Now recapping other markets performance from yesterday. The US dollar index firmed for the third straight day (+0.43%) while the Euro fell -0.73% to the lowest since July 17. In commodities, WTI extended losses (-1.69%) while precious metals softened modestly (Gold -0.02%; Silver -0.66%).
Turning to the Fed, DB’s Peter Hooper does not expect recent events in Europe, even with some further intensification, to cause the Fed to put off its widely expected rate hike on June 2. However, it could result in a softening of the message that accompanies that hike. Such softening could include staying put with a median expectation of three hikes this year instead of moving to four, with prospects for individual dots to move lower. The bigger uncertainty for Fed policy will come around the September FOMC meeting, if Italy’s next election occurs ahead of that meeting. See Peter’s note for more.
Staying with the US, trade tensions with China are resurfacing ahead of next weeks’ trade talks (the 3rd round). Overnight, the White House said a final list of tariffs on $50bn of Chinese imports will be released by 15 June and the tariffs will be imposed “shortly thereafter”. Further, new restrictions on Chinese investments will be announced by June 30 and also implemented shortly after. On the other side, China’s Commerce Ministry said the US announcement was both surprising and within expectations, but China is “confident….and has the experience to protect its interests”.
Turning back to Spain, DB’s Marc de-Muizon noted that while political uncertainty has dialled-up back up again, he noted that the country does differ from Italy – i) Spain has weathered electoral and political uncertainty in recent years relatively well, ii) a clear majority of the electorate supports mainstream pro-EU parties and iii) the current economic momentum remains strong. In his latest note, he summarises the current Spanish political context, the latest developments and highlights potential scenarios going forward.
Before we take a look at today’s calendar, we wrap up with other data releases from yesterday.

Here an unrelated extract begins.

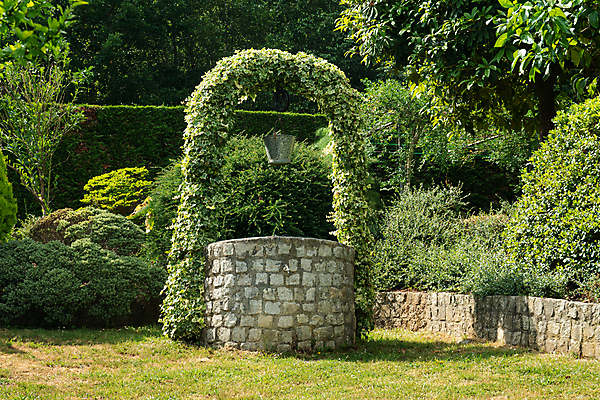 포토 JPG 해외이미지 나무 식물 전통 꽃 백그라운드 컨셉 잎 자연 잔디 사람없음 야외 초록색 물 마을 환경 정원 맑음 봄 수확 성장 바위 시골 액체 계획 갈증 양동이 원예 조경 장면 펌프 뒤뜰 세련 해외포토 자연요소 계절 컬러 농업 날씨 취미 돌_바위 생태계 파일형식 이미지허브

In the US, the May CB consumer confidence index rose 2.4pt mom to an in line print of 128. The mom improvement was mainly driven by the present situation index which rose 4.2pts mom to a fresh 17-year high of 161.7. The May Dallas Fed manufacturing index was above market at 26.8 (vs. 23 expected) with solid improvements in the production and employment indices. Elsewhere, the March S&P Corelogic house price index also beat with annual growth 6.8% yoy (vs. 6.45% expected).
The Euro area’s April money supply was in line at 3.9% yoy and after adjusting for sales and securitization, growth in household and non-financial corporate loans was steady at 2.9% yoy and 3.3% yoy respectively. Elsewhere, France’s May consumer confidence index was softer than expected at 100 (vs. 101) while Italy’s May reading edged down 3.2pts mom to 113.7 (vs. 116.5 expected).
Looking at the day ahead, the flash May CPI report for Germany (0.3% mom; 1.8% yoy expected) and Spain (1.7% yoy expected), along with the preliminary Q1 GDP release in France and May confidence indicators for the Euro area are due. In the US we’ll get the second revision to Q1 GDP along with May ADP employment change, April advance goods trade balance and April wholesale inventories data. The Fed’s Beige Book will also be out in the evening while the Fed is also scheduled to discuss changes to the Volcker Rule.